Pictures with short captions
● ● ●

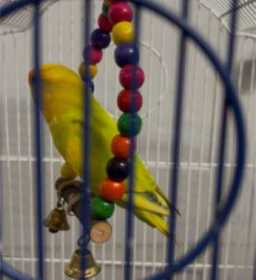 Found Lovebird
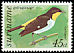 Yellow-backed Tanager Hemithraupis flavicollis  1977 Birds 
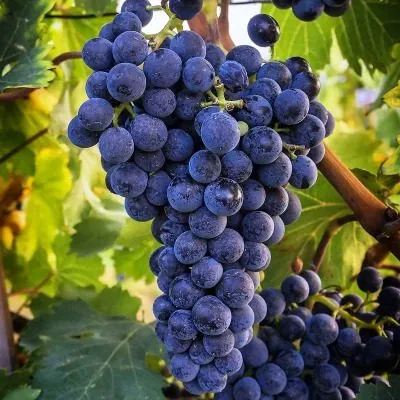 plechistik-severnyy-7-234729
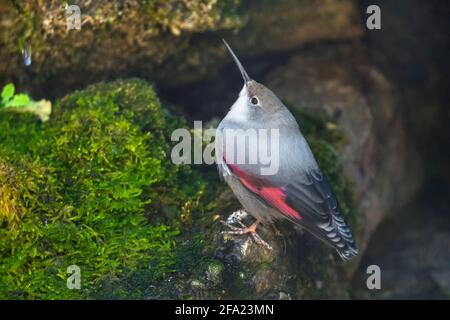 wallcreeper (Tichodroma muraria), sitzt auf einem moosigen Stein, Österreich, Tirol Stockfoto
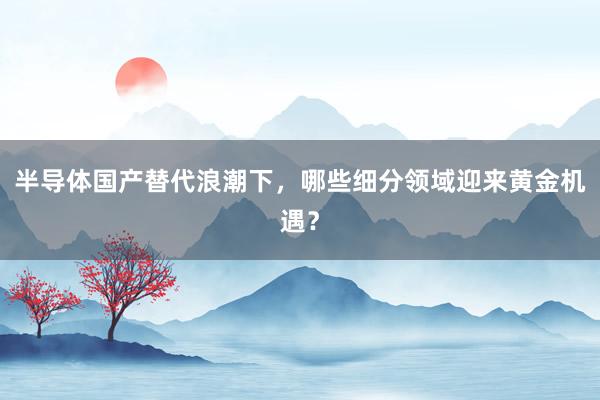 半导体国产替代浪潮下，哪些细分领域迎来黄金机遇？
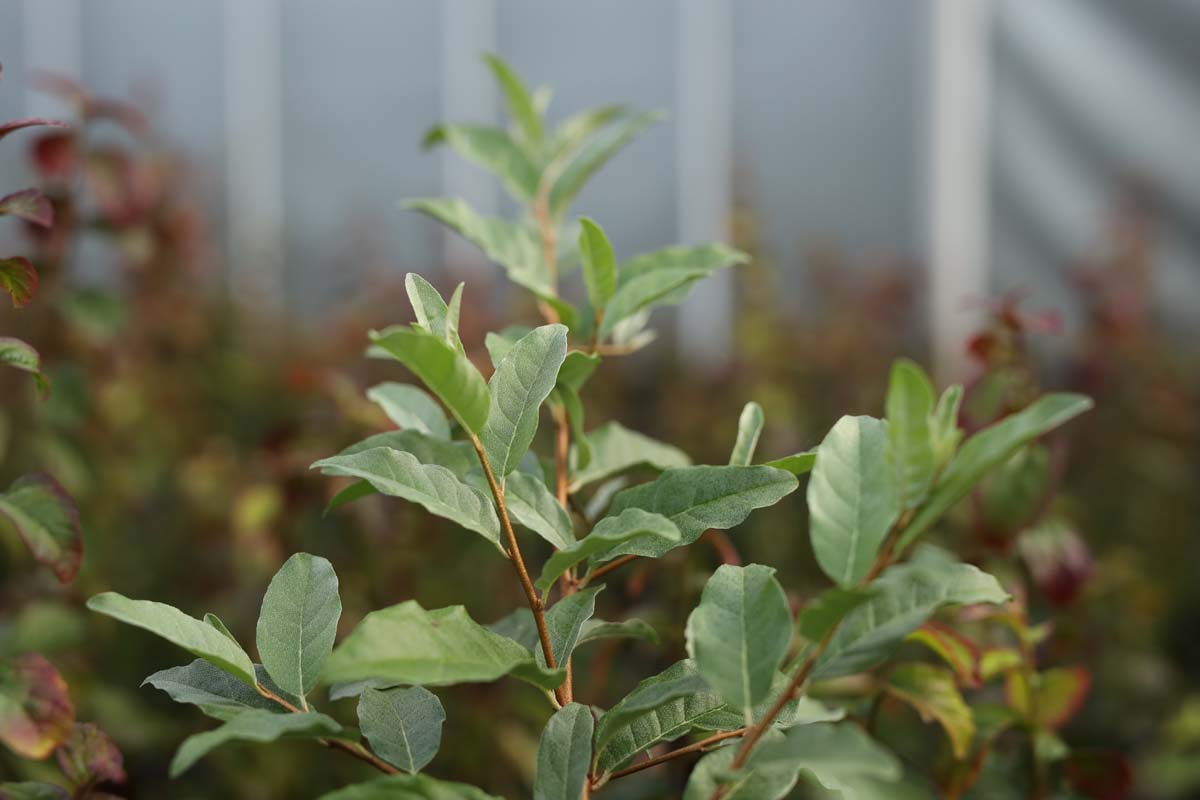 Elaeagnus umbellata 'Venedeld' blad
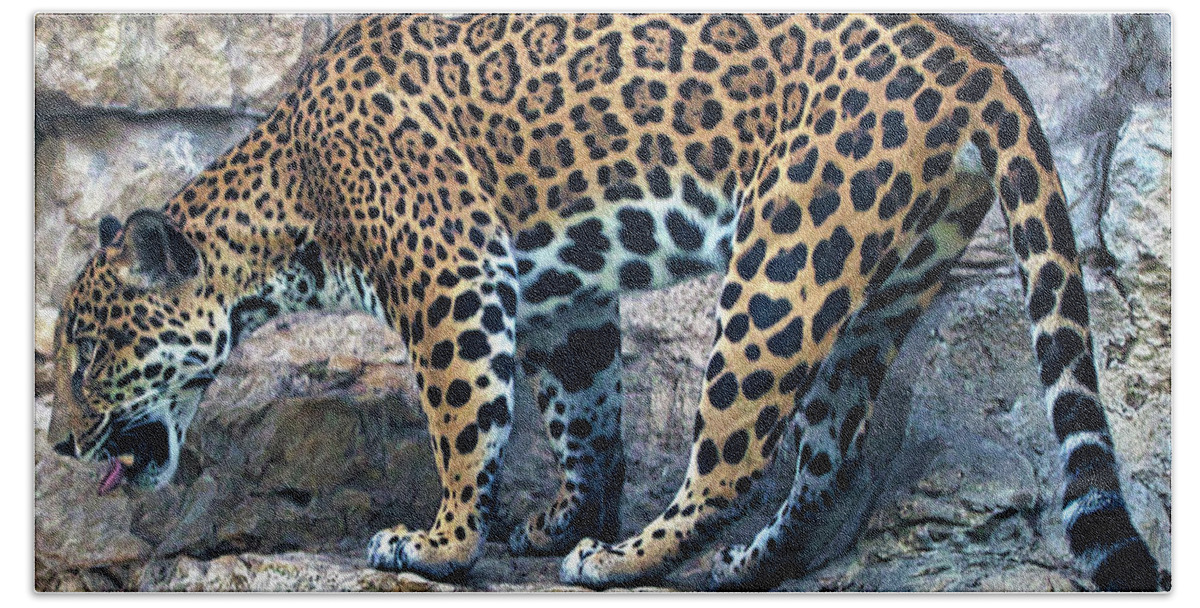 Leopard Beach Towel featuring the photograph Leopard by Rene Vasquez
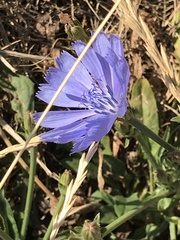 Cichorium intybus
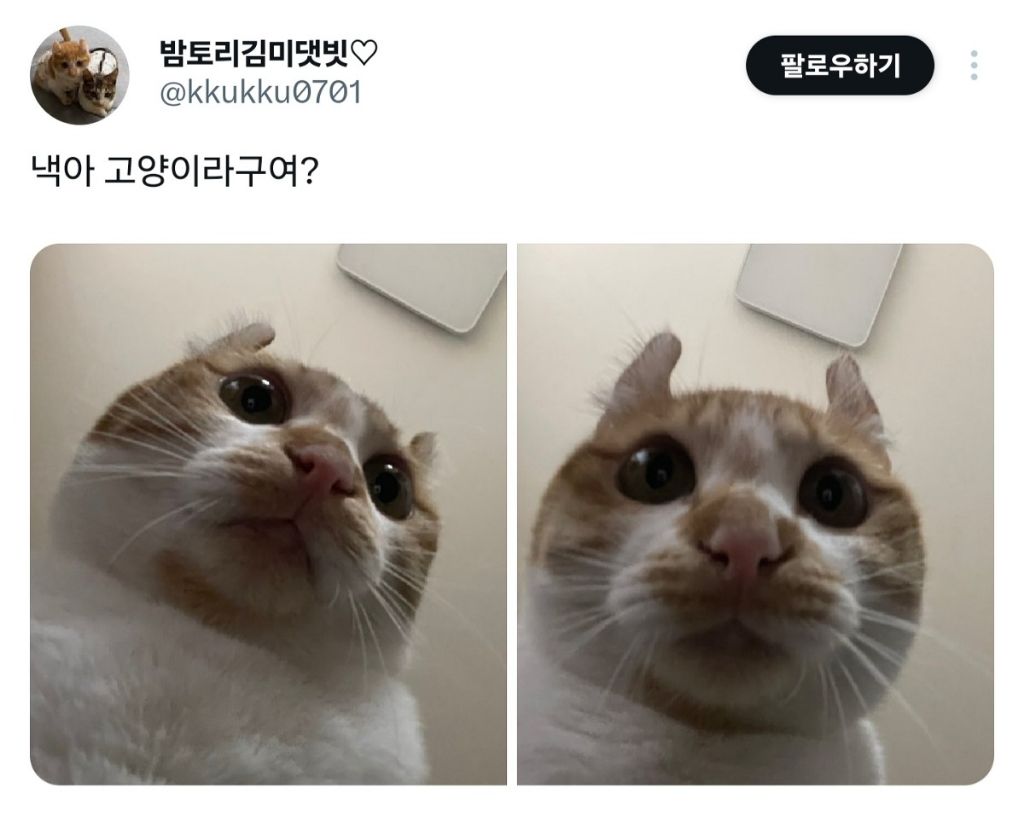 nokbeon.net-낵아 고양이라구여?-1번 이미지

● ● ●

The problem
The entries are to be transcribed word for word, without their images.

Output
 Found Lovebird
 Yellow-backed Tanager Hemithraupis flavicollis  1977 Birds 
 plechistik-severnyy-7-234729
 wallcreeper (Tichodroma muraria), sitzt auf einem moosigen Stein, Österreich, Tirol Stockfoto
 半导体国产替代浪潮下，哪些细分领域迎来黄金机遇？
 Elaeagnus umbellata 'Venedeld' blad
 Leopard Beach Towel featuring the photograph Leopard by Rene Vasquez
 Cichorium intybus
 nokbeon.net-낵아 고양이라구여?-1번 이미지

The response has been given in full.